== Segment start ==

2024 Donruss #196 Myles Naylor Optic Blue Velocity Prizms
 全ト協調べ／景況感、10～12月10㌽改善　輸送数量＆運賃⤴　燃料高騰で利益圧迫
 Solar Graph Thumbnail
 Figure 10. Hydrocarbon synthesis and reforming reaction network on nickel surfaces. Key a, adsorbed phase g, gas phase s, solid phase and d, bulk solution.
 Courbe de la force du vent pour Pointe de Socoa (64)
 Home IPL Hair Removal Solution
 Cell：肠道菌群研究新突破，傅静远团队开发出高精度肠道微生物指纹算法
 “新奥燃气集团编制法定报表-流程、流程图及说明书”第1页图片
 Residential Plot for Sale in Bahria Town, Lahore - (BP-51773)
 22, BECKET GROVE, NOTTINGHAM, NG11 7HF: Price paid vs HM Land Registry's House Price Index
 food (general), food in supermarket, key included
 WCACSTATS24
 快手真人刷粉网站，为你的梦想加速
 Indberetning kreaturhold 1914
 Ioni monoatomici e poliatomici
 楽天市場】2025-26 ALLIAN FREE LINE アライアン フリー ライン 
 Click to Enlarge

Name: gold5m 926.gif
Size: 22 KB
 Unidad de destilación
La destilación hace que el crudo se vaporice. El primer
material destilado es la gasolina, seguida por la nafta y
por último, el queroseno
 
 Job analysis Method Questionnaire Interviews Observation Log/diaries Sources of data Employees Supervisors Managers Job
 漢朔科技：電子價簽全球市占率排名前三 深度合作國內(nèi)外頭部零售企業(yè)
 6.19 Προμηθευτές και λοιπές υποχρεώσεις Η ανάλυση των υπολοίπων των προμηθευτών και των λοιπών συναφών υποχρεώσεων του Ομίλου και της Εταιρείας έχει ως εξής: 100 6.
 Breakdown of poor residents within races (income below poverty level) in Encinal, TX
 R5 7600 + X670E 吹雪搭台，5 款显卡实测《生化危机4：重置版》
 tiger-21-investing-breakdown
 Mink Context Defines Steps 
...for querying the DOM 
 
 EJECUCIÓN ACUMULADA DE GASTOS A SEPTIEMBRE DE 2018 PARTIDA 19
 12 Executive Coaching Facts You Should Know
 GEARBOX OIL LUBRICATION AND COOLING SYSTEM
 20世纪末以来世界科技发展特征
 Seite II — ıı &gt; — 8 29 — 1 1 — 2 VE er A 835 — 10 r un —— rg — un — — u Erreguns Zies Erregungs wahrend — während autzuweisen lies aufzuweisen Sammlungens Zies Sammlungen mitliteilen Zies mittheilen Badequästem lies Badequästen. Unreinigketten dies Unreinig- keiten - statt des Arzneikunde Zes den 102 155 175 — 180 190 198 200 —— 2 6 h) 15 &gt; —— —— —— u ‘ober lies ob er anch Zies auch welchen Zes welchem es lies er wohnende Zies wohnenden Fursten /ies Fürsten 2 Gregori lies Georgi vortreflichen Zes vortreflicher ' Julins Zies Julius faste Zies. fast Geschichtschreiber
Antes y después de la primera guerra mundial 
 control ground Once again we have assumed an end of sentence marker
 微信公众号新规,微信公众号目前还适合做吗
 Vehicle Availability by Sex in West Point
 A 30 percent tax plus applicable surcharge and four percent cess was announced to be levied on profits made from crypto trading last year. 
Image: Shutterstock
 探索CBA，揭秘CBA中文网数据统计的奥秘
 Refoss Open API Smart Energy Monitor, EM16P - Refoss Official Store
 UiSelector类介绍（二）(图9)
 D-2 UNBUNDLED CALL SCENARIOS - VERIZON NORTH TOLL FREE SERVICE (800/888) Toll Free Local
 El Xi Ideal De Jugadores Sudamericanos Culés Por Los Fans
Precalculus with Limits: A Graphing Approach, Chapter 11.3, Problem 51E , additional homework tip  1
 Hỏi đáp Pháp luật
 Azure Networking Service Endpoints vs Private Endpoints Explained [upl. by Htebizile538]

== Segment end ==

Write out exactly the lines above between the line with "Home IPL Hair Removal Solution" and the line with "漢朔科技：電子價簽全球市占率", inclusive, and nothing beyond them.

## EXERCISE SOLUTION
 Home IPL Hair Removal Solution
 Cell：肠道菌群研究新突破，傅静远团队开发出高精度肠道微生物指纹算法
 “新奥燃气集团编制法定报表-流程、流程图及说明书”第1页图片
 Residential Plot for Sale in Bahria Town, Lahore - (BP-51773)
 22, BECKET GROVE, NOTTINGHAM, NG11 7HF: Price paid vs HM Land Registry's House Price Index
 food (general), food in supermarket, key included
 WCACSTATS24
 快手真人刷粉网站，为你的梦想加速
 Indberetning kreaturhold 1914
 Ioni monoatomici e poliatomici
 楽天市場】2025-26 ALLIAN FREE LINE アライアン フリー ライン 
 Click to Enlarge

Name: gold5m 926.gif
Size: 22 KB
 Unidad de destilación
La destilación hace que el crudo se vaporice. El primer
material destilado es la gasolina, seguida por la nafta y
por último, el queroseno
 
 Job analysis Method Questionnaire Interviews Observation Log/diaries Sources of data Employees Supervisors Managers Job
 漢朔科技：電子價簽全球市占率排名前三 深度合作國內(nèi)外頭部零售企業(yè)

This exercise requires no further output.